This was such a great presentation. Thank you for sharing all of this!

Score: 1 | 3 months ago | 1 reply

Fantastic talk Gillian! :-)
It was really informative.. I do have a question though.
How would you go around generating a coredump for a device on the field? lets say for a cortex-m processor.
Lets say we have some sort of flash memory, wouldnt a hardfault make it impossible to generate a coredump and write it to the flash memory (its a hardfault afterall ) ?
Say we are saving it in ram, then a reboot would essentially clear out any contents on power up, unless we do some sort of linker magic to preserve a section across reboots..
As i mentioned, it was a fantastic introduction to gdb..
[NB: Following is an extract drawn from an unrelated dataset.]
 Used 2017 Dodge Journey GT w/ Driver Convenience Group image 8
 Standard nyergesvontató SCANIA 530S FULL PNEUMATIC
Score: 0 | 3 months ago | 1 reply

Srikrishna, glad you enjoyed it. Thanks for jumping into the chat with a great question again. Saving a coredump will have to happen before the device reboots, so the state of the system can be saved. Therefore, collecting data for a coredump will need to happen as part of the handling of a fault, so you would need to write your own fault handler to do this collection. You can take a look at our fault handler here. Notice that we call memfault_platform_coredump_get_regions() in this handler, which is a function that will collect data for the coredump. As far as where to put it once it has been collected, yes, flash is one option. You could also store it in the "noinit" region of RAM, which persists across boots. You can take a look at our RAM-backed coredump here which does exactly that! Note however that space is more limited when using that region so only a few items could be collected like the active stack, PC, and LR. But, it is typically faster to get up and running with when first trying out coredump collection.

Score: 0 | 3 months ago | no reply

Thank you for the response Gillian! :-)
Oh thats a nice way of storing the coredumps... the noinit section... but I would imagine for flash storage it has to happen after a reboot and recover the data from the noinit section and then dump it into flash memory before rest of the system boots up..
Nevertheless, very interesting and helpful! Thank you again Gillian.